While our previous studies have highlighted fluoxetine-induced plasticity in the visual cortex and hippocampus, its cell-type-specific effects in the prefrontal cortex (PFC) remain unclear.
This study aims to investigate the effects of chronic fluoxetine treatment on PV-positive (PV+) cells, identified using PV-IRES-Cre-driven reporter expression in the PFC. Using Translating Ribosome Affinity Purification (TRAP), we found that fluoxetine treatment altered the expression of 50 distinct biological pathways.
Downregulated pathways are involved in mitochondrial ATP production, including components of the electron transport chain, and ribosomes.
Upregulated pathways were associated with phosphatase activity, ion channel function, and cytoskeletal remodeling —molecules broadly implicated in synaptic signaling and plasticity-related processes. In FACS-sorted cells, mitochondrial DNA (mtDNA) expression was significantly increased in PV+ cells of the PFC, while intracellular ATP levels remained unchanged.

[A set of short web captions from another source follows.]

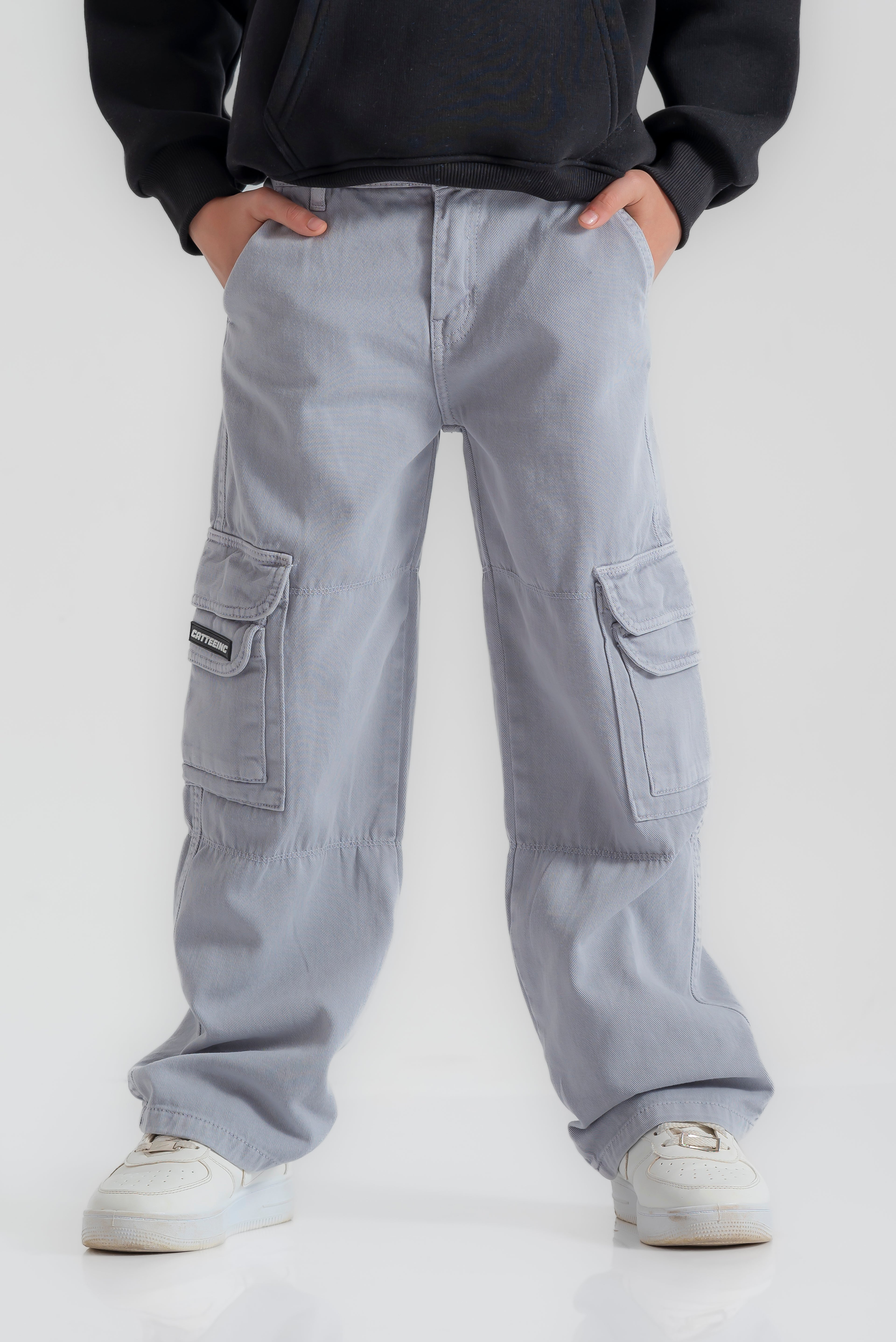 "Plain Wide cargo pants " for boys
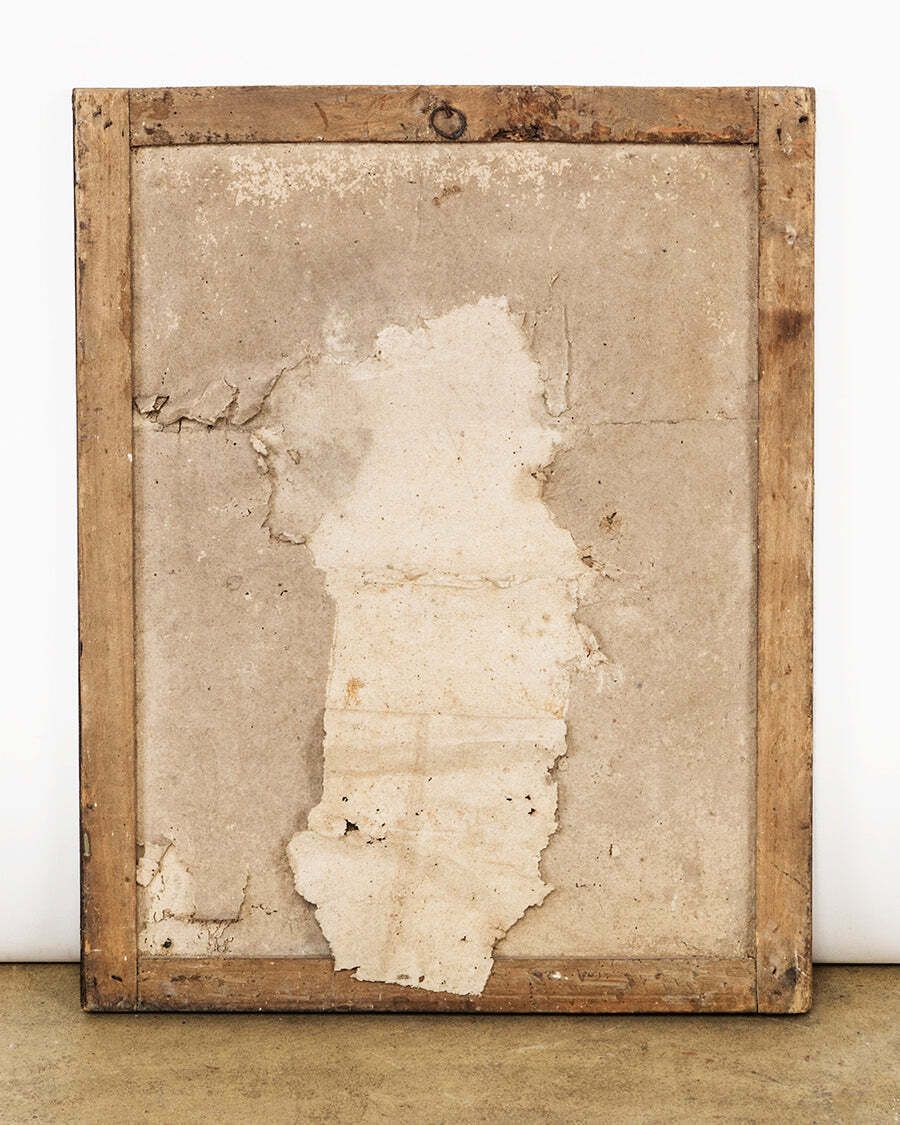 Frans Antiek Spiegel Uit De Late 19e Eeuw Met Zwart Geschilderd Frame photo vintage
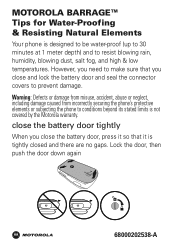 Motorola Barrage  V860 Water Proofing Guide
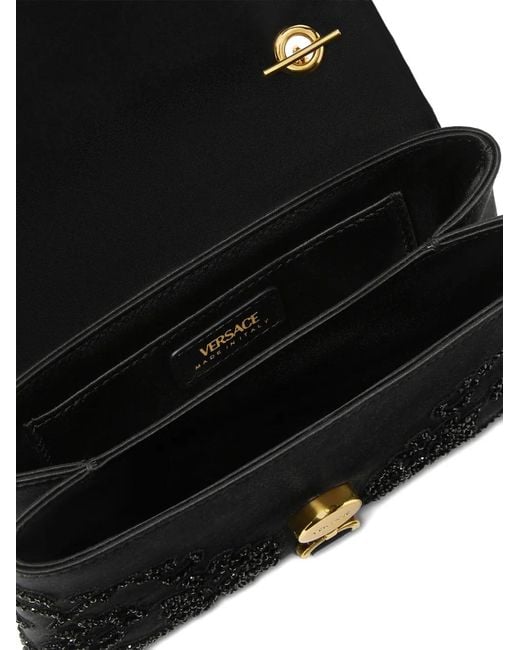 Versace Black Mini Sac Kleio En Satin À Broderies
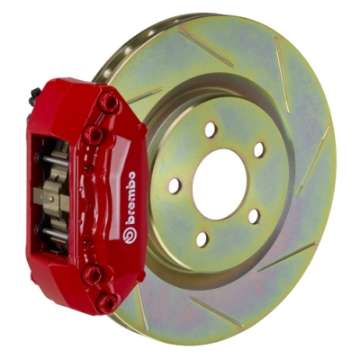 Picture of Brembo 87-91 M3 E30 Front GT BBK 4 Piston Cast 2pc 330x28 1pc Rotor Slotted Type-1-Red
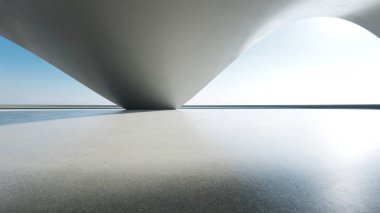 Boş beton zeminli 3d soyut eğri yapısı fütüristik mimarisi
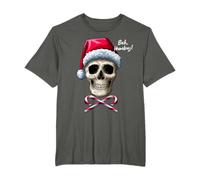Crâne Bah Humbug ! Canne à bonbons Motif Père Noël T-Shirt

Immunohistochemical analyses demonstrated reduced PV expression and weakened perineuronal nets in specific PFC subregions, suggesting a plasticity-permissive state in PV+ cells. TOMM22 signal intensity in PV+ cells showed a slight but significant increase in the prelimbic region, suggesting potential compensatory mitochondrial biogenesis despite transcriptomic downregulation of mitochondrial genes.
Our findings reveal that chronic fluoxetine induces coordinated transcriptional, structural alterations in PV+ cells of the PFC, including shifts in mitochondrial-related gene expression and plasticity-associated pathways.
These changes may contribute to region-specific shifts in cortical inhibition and plasticity, complementing previous reports of fluoxetine-mediated behavioral modulation.